■ **ACTION ITEM**:
Restate exactly the lines from the top of the listing below to the line containing "May include: A"; the remaining lines are not wanted.

■ **TASK MATERIAL**:
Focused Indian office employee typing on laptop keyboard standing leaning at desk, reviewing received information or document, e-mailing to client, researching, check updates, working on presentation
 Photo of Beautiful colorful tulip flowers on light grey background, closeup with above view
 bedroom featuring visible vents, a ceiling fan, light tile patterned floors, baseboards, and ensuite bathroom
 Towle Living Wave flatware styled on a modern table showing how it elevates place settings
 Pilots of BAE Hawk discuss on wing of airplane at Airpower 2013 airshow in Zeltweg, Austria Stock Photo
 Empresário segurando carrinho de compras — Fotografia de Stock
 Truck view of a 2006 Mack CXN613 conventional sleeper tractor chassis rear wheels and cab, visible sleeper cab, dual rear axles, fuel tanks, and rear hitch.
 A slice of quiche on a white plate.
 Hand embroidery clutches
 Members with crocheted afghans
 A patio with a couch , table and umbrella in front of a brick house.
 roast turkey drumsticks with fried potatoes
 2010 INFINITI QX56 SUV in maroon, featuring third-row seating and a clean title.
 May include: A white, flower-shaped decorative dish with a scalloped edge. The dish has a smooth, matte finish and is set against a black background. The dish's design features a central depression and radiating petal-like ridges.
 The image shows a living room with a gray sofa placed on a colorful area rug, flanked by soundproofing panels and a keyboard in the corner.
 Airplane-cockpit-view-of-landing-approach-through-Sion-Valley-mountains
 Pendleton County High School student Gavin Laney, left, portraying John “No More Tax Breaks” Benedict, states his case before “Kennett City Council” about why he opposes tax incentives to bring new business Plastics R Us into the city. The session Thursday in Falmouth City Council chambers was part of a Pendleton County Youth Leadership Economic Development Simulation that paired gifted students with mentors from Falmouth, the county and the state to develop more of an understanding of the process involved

■ **WRITTEN REPLY**:
Focused Indian office employee typing on laptop keyboard standing leaning at desk, reviewing received information or document, e-mailing to client, researching, check updates, working on presentation
 Photo of Beautiful colorful tulip flowers on light grey background, closeup with above view
 bedroom featuring visible vents, a ceiling fan, light tile patterned floors, baseboards, and ensuite bathroom
 Towle Living Wave flatware styled on a modern table showing how it elevates place settings
 Pilots of BAE Hawk discuss on wing of airplane at Airpower 2013 airshow in Zeltweg, Austria Stock Photo
 Empresário segurando carrinho de compras — Fotografia de Stock
 Truck view of a 2006 Mack CXN613 conventional sleeper tractor chassis rear wheels and cab, visible sleeper cab, dual rear axles, fuel tanks, and rear hitch.
 A slice of quiche on a white plate.
 Hand embroidery clutches
 Members with crocheted afghans
 A patio with a couch , table and umbrella in front of a brick house.
 roast turkey drumsticks with fried potatoes
 2010 INFINITI QX56 SUV in maroon, featuring third-row seating and a clean title.
 May include: A white, flower-shaped decorative dish with a scalloped edge. The dish has a smooth, matte finish and is set against a black background. The dish's design features a central depression and radiating petal-like ridges.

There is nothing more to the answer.